WHO: Event speakers:
- La Tanya Jenifor-Sublett, is a mental health worker, social justice advocate, public speaker, community organizer and now Chicago Torture Justice Center’s peer reentry program director. She experienced abuse and torture at the hands of Chicago Police at the age of 19, and was sentenced to 42 years in the Illinois Department of Corrections for a crime she did not commit.
- Mohamedou Ould Slahi is a Mauritanian citizen who was imprisoned at the US military base at Guantánamo Bay without charge from 2002 until his release on October 17, 2016. Slahi wrote a memoir in 2005 while imprisoned which was published in 2017 as Guantanamo Diary (Little Brown). His story was the inspiration for the 2021 film The Mauritanian.
- Mansoor Adayfi was 19 when he was taken to Guantánamo Bay, where he spent more than 14 years detained without being charged with a crime. He now lives in Belgrade, Serbia, where he writes, creates artwork and advocates for prisoner and detainee rights. His memoir of his time at Guantánamo, Don’t Forget Us Here, was published in 2021 by Hachette Books.
WHEN/WHERE: Sunday, June 26 | 1:00 – 2:30 p.m. CDT
Remaking the Exceptional podcast launch
Free and open to the public. To register and to receive a link to the online event:
Remaking the Exceptional Online Event
WHY: Illinois Humanities’ Envisioning Justice program leverages the arts and humanities to explore the question, “What happens when you center the voices of those most directly affected by mass incarceration?” and to convene communities to ask, “How do you envision justice?”
Remaking the Exceptional, one of the works commissioned by Illinois Humanities, highlights the many direct connections between the Chicago Police Department and the brutal acts of torture committed at Guantánamo Bay. For example: Lt Richard Zuley (Chicago PD 1977-2007) and fellow CPD officers, under the oversight of Jon Burge, tortured at least 120 victims between the years of 1972-1991 to extract confessions from mostly Black, male suspects. As a US Navy Reserve Officer, he brought the same torture tactics to Guantanamo Bay, as documented in the Guardian.

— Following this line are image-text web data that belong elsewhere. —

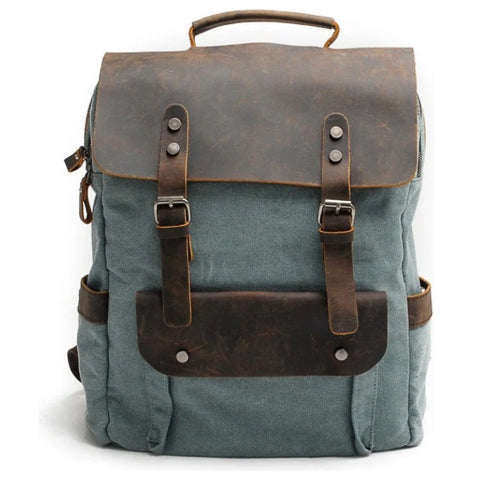 Vintage Canvas and Leather Backpack Khaki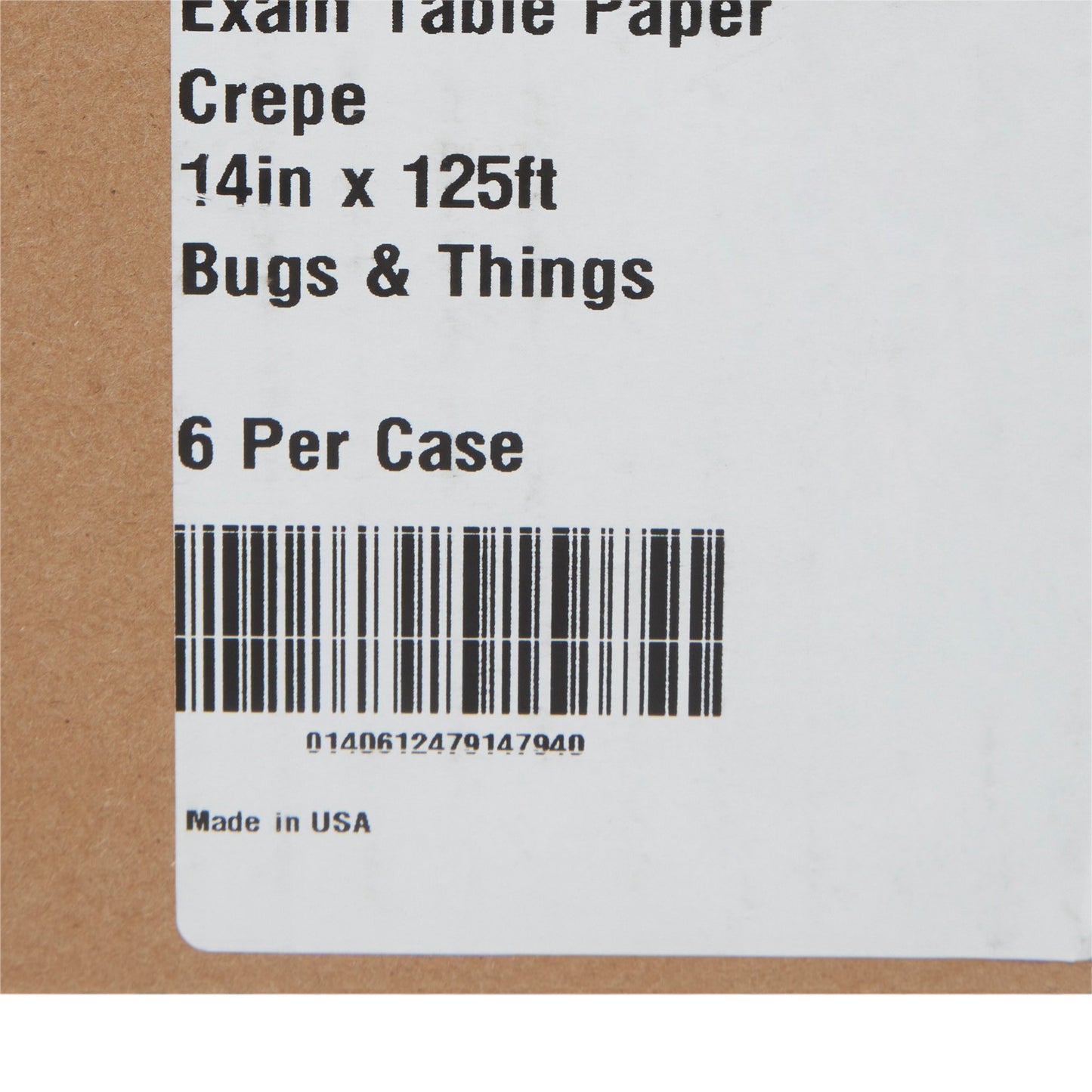 PAPER, TABLE CREPE BUGS PRNT 14"X125' (6/CS)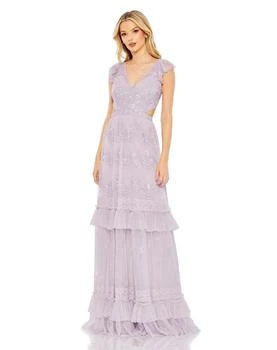 Mac Duggal | Sequined Rufffled Cap Sleeve Cut Out Tiered Gown,商家Premium Outlets,价格¥2450
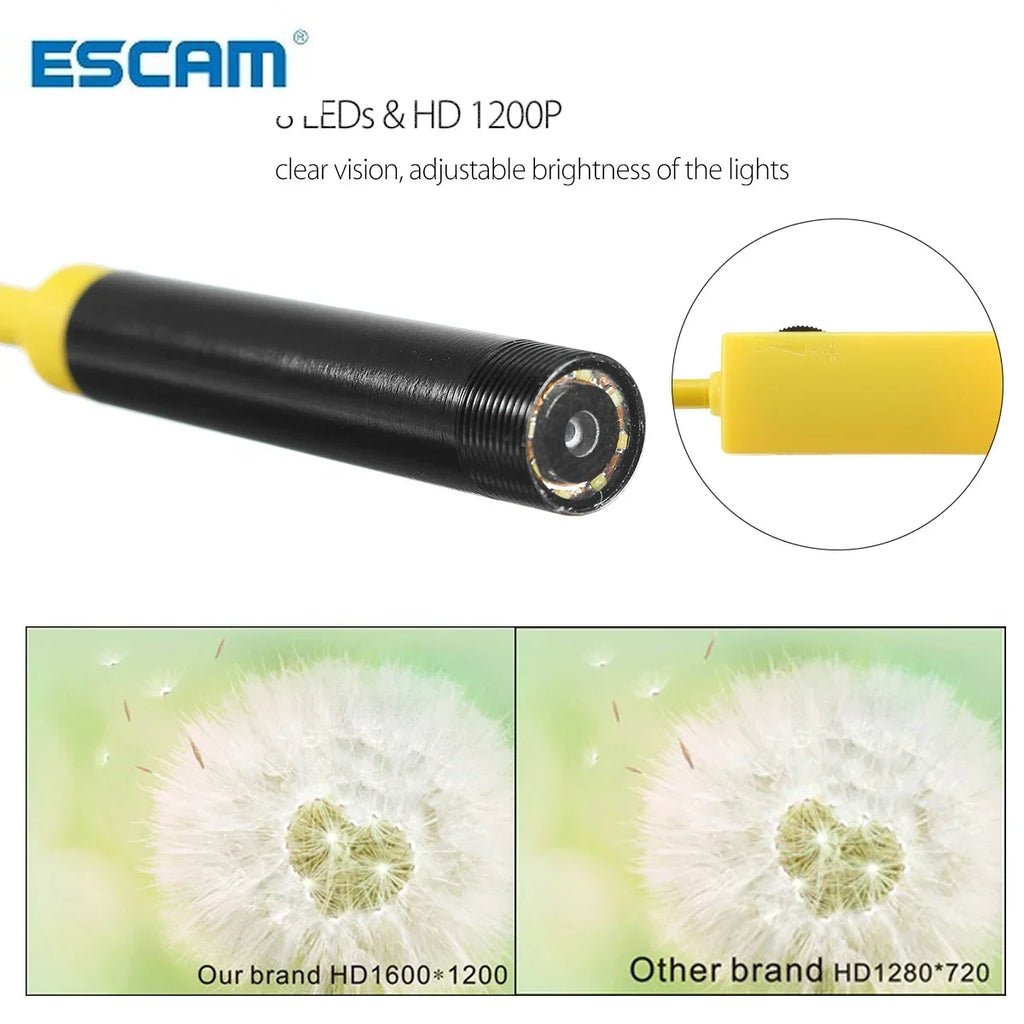 ESCAM WiFi Borescope Camera HD 1200P 8 LED Waterproof | 2-10M Borescope Inspection Camera Qme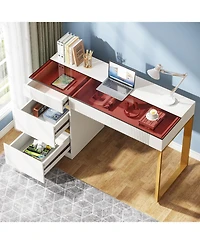 Tribesigns Computer Desk with 4 Drawers, 47 Inch Modern Home Office Desk with Glass Top, White and Gold Writing Workstation Desk with Storage, Makeup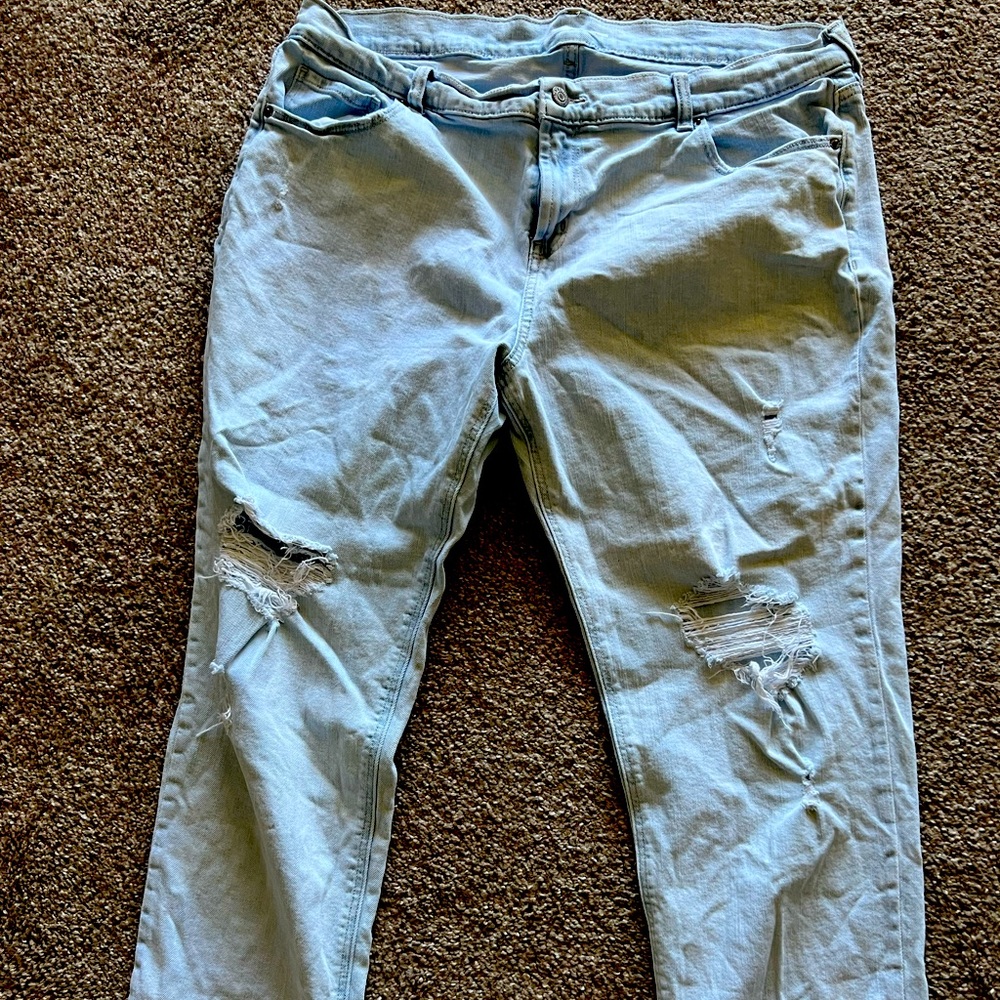distressed boyfriend jeans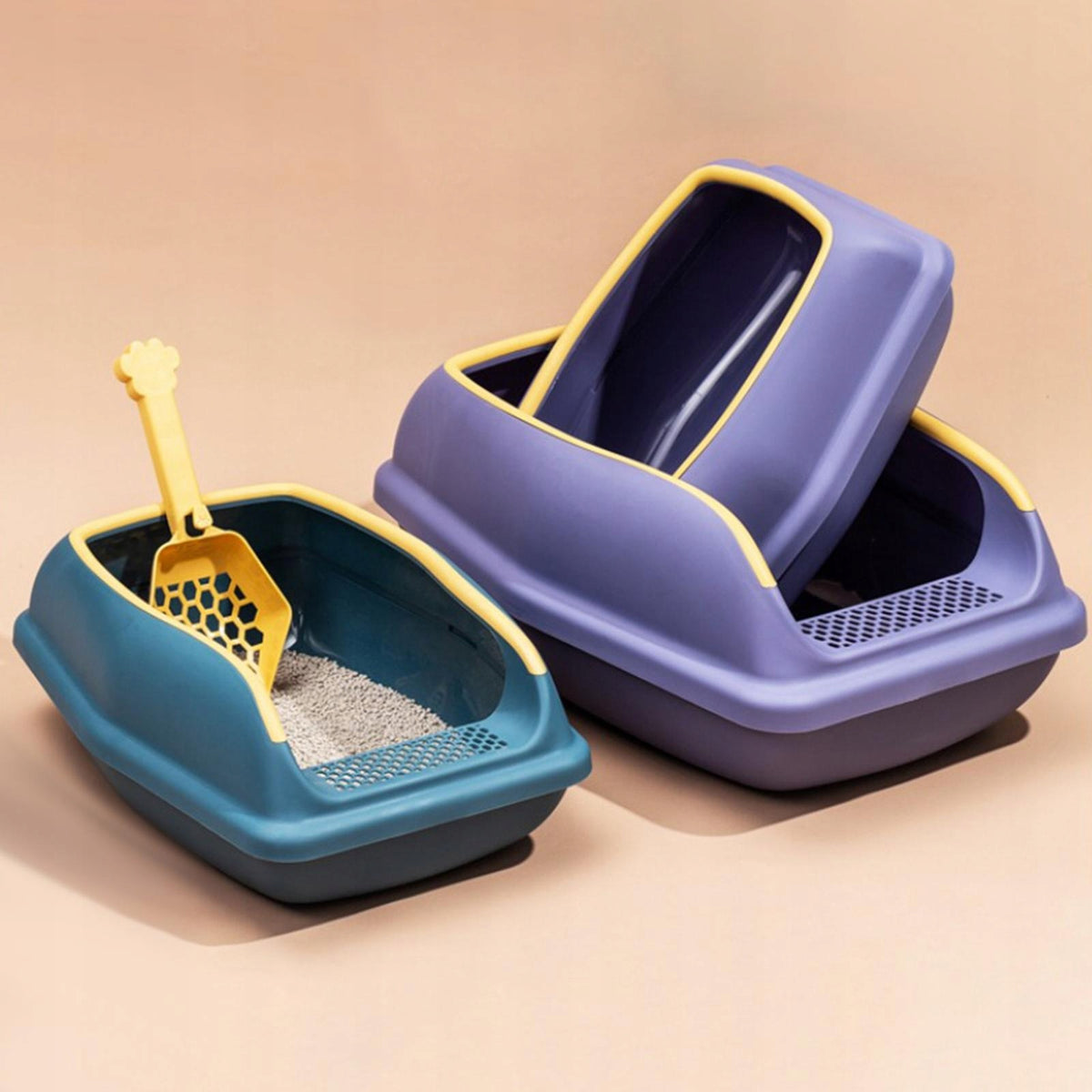Easy Entry Cat Litter Box with High Rim, Removable PP Toilet, L Violet Packaging status original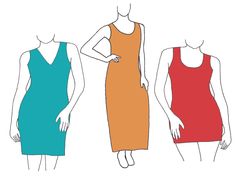 three women's dresses in different colors and sizes, with one woman standing next to the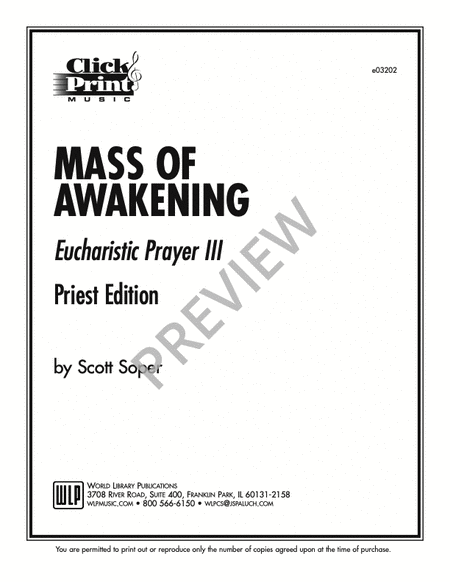 Mass of Awakening-Eucharistic Prayer III-Priest Edition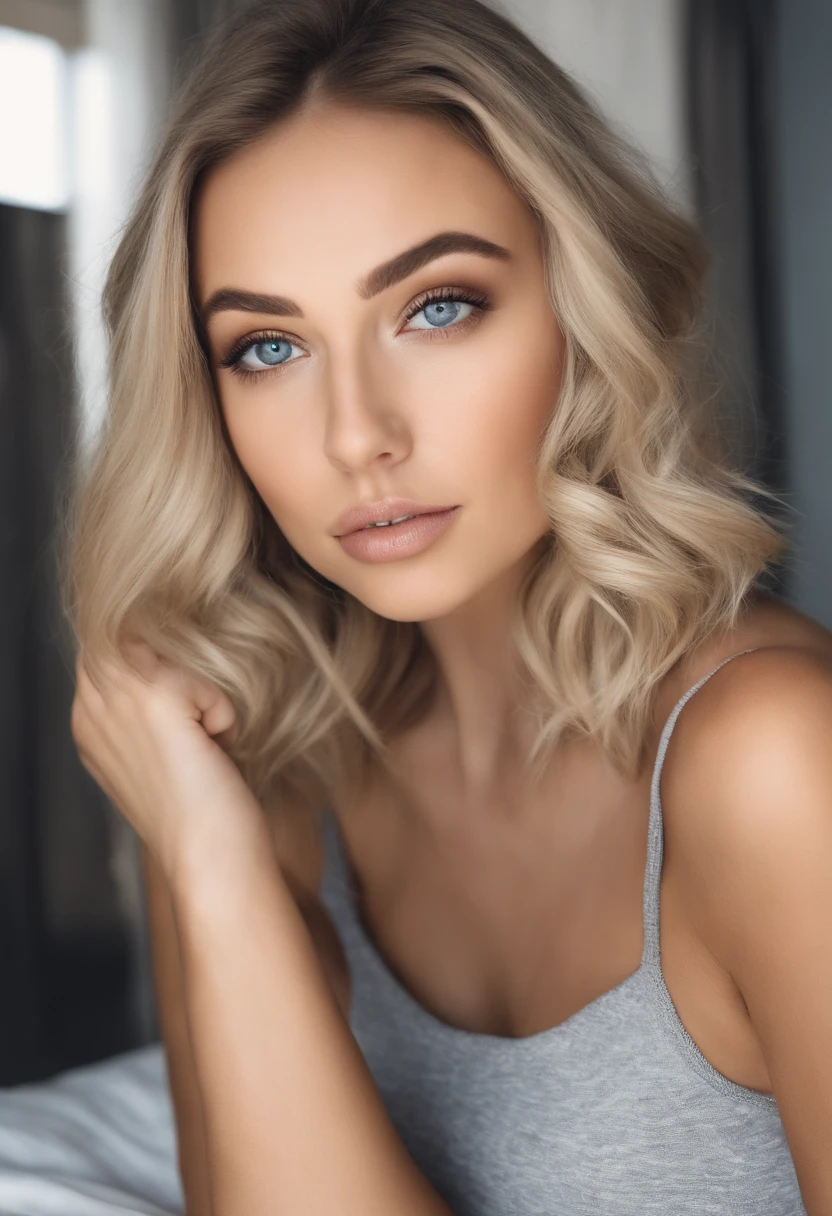 woman with matching tank top and panties, with blue eyes, portrait sophie mudd, portrait corinna kopf, blonde hair and large eyes, Selfie einer jungen Frau, Augen im Schlafzimmer, Violet Myers, ohne Make-up, Natural makeup, Blick direkt in die Kamera, Gesicht mit Artgram, dezentes Make-up, Stunning full body shot, im Schlafzimmer, Spaltung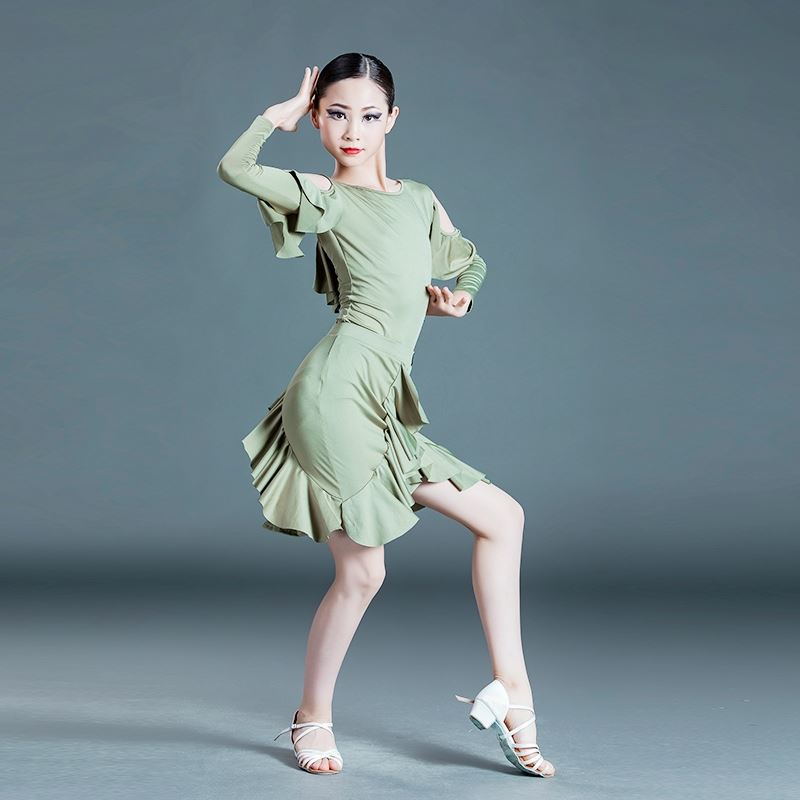 Latin Dance Costume 2021 New Student Net Red Autumn Winter Kids Dance with Girls Competition Flower Dress Winter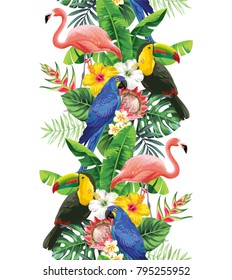 Tropical seamless vertical border with palm leaves, exotic flowers, parrots, toucan and  flamingo on a white background. Vector illustration.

Remaking the Exceptional first premiered as a commissioned work featured in Illinois Humanities’ Envisioning Justice RE:ACTION Exhibition in March 2022. Episodes 1 and 2 are available to listen to now. The full six-episode series will be available to the public at the June 26 release event. The series is affiliated with the Remaking the Exceptional exhibition at DePaul Art Museum and is part of the ongoing Tea Project, one of 14 online, humanities-based projects in the Envisioning Justice RE:ACTION online exhibition. This exhibition, which features artists and humanists from across the state who grapple with mass incarceration issues such as recidivism, extralegal torture, wrongful convictions, and reentry, addresses these topics using various media.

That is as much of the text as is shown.